SemiAnalysis Bongkar Kirin 9030 Huawei: Prosesor Tak Bisa Lagi Dikecilkan, Maka Chip Dilipat
SemiAnalysis membongkar chipset Kirin 9030 Huawei, yang diproduksi oleh SMIC dengan proses N+3. Laporan menunjukkan bahwa meski tanpa mesin EUV, SMIC berhasil mencapai kerapatan logika setara dengan TSMC N6. Namun, hal ini dicapai dengan biaya lebih tinggi dan proses yang lebih kompleks, yaitu menggunakan teknik Self-Aligned Quadruple Patterning (SAQP) pada lapisan M0 yang menghasilkan jarak pitch 32.5nm.
Kinerja Kirin 9030 dikabarkan melampaui Snapdragon 8+ Gen 1 (2022) untuk GPU, meski masih tertinggal jauh dari chipset flagship terkini. Kesenjangan utama terletak pada proses manufaktur yang lebih tua yang membatasi frekuensi dan efisiensi daya.

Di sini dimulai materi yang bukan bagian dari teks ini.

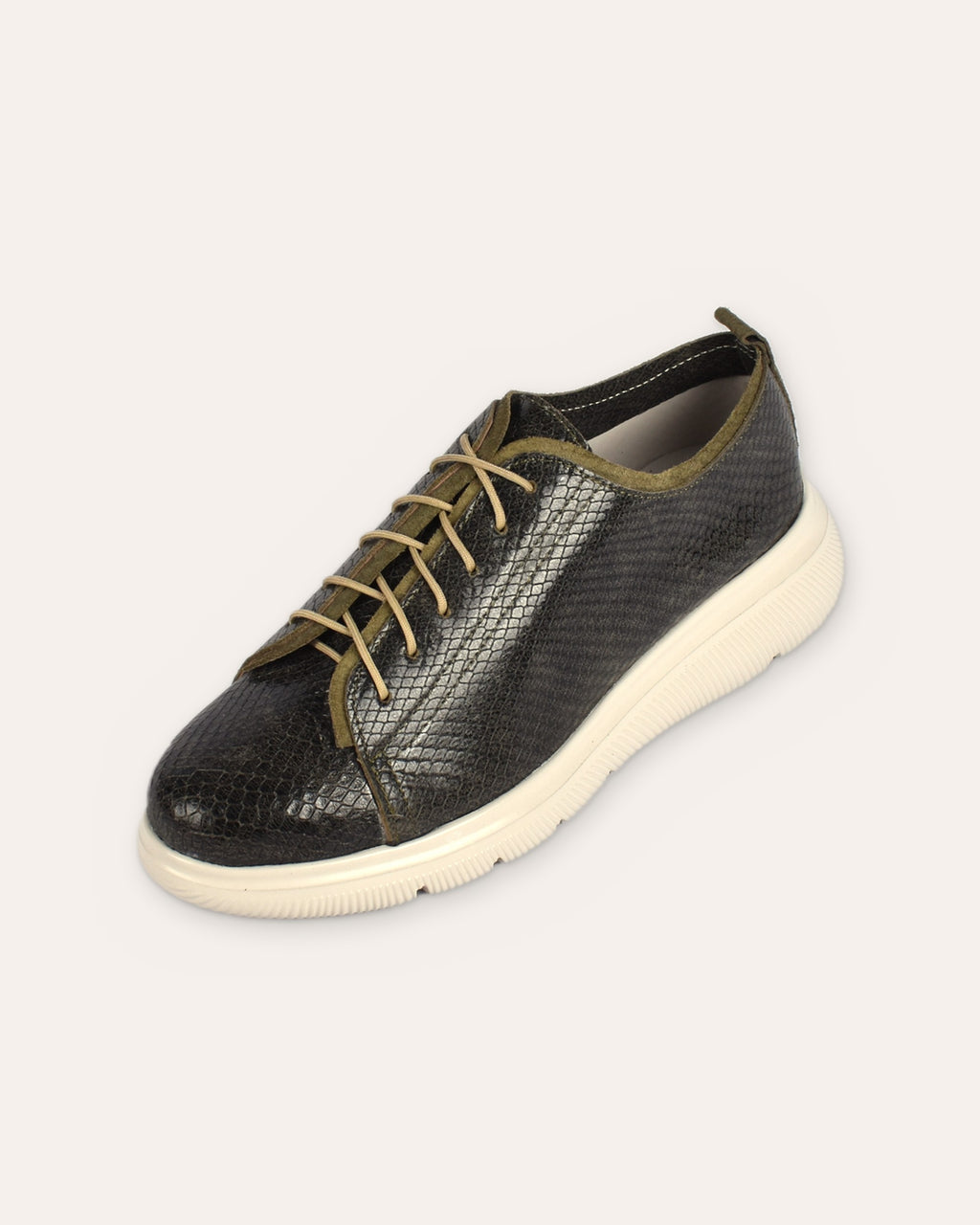 Deck Sneaker in Olive/Olive, one shoe from the toe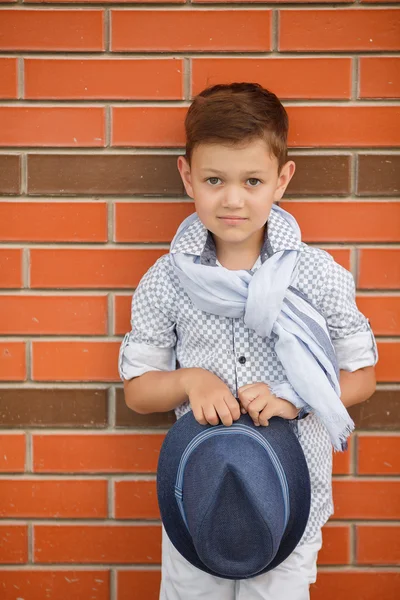 Snygg pojke i hatt poserar på en tegelvägg — Stockfoto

Huawei merespons keterbatasan ini dengan mendorong inovasi ke arah baru: 3D stacking atau "melipat" logika. Melalui konsep LogicFolding dalam hukum penskalaan τ (tau), Huawei bertujuan untuk mempersingkat jalur sinyal dan meningkatkan kinerja secara vertikal, menargetkan 5GHz dan kerapatan setara TSMC 14A pada 2031.

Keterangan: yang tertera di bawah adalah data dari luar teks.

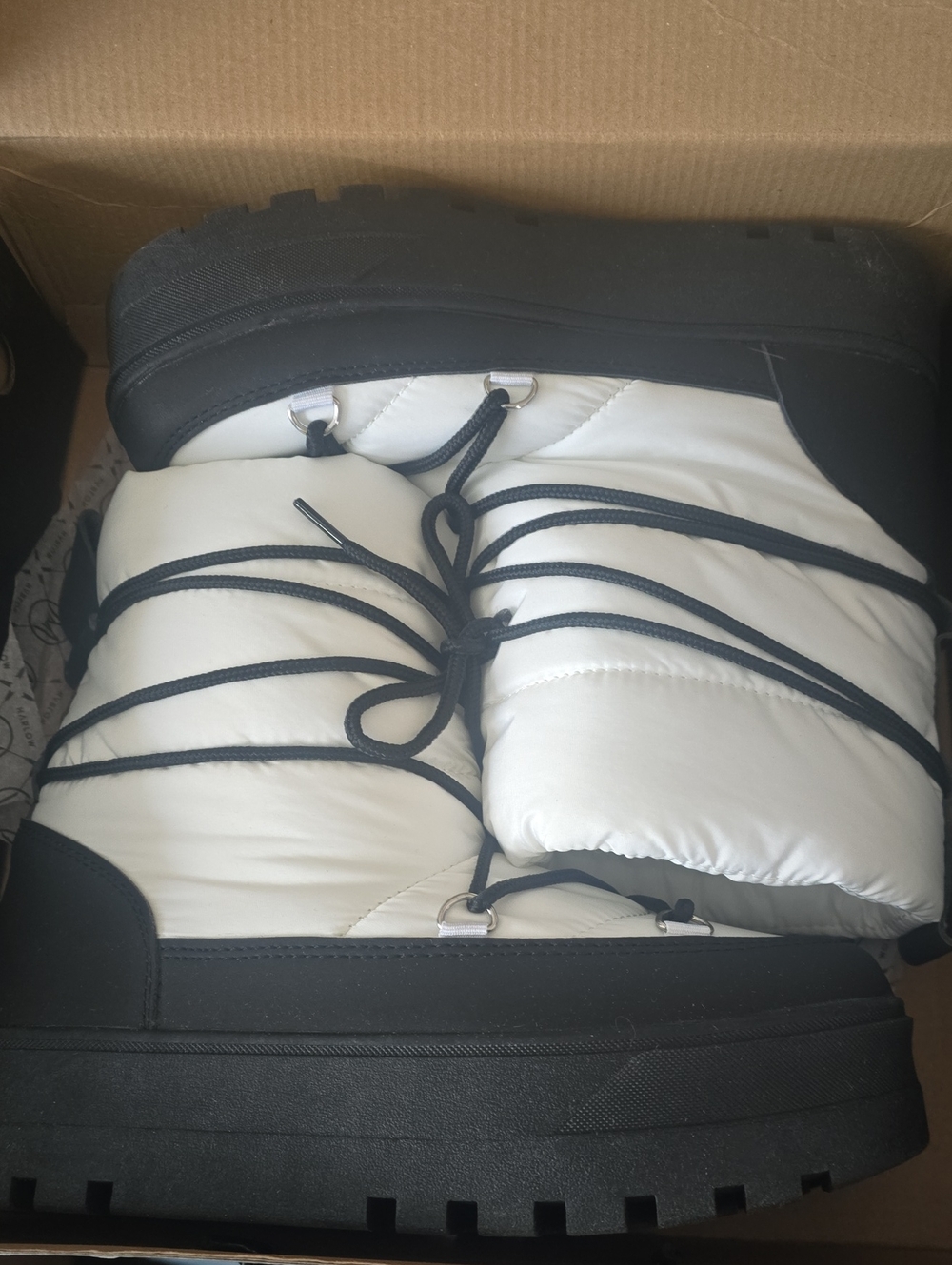White and Black Winter Boots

Laporan menyimpulkan bahwa sanksi ekspor telah mengubah lanskap persaingan, mendorong China ke jalur inovasi yang berbeda dengan biaya lebih mahal. Kemajuan pada memori buatan China (CXMT) yang mulai dipakai di Mate 80 Pro juga dicatat, meski masih tertinggal satu hingga dua generasi.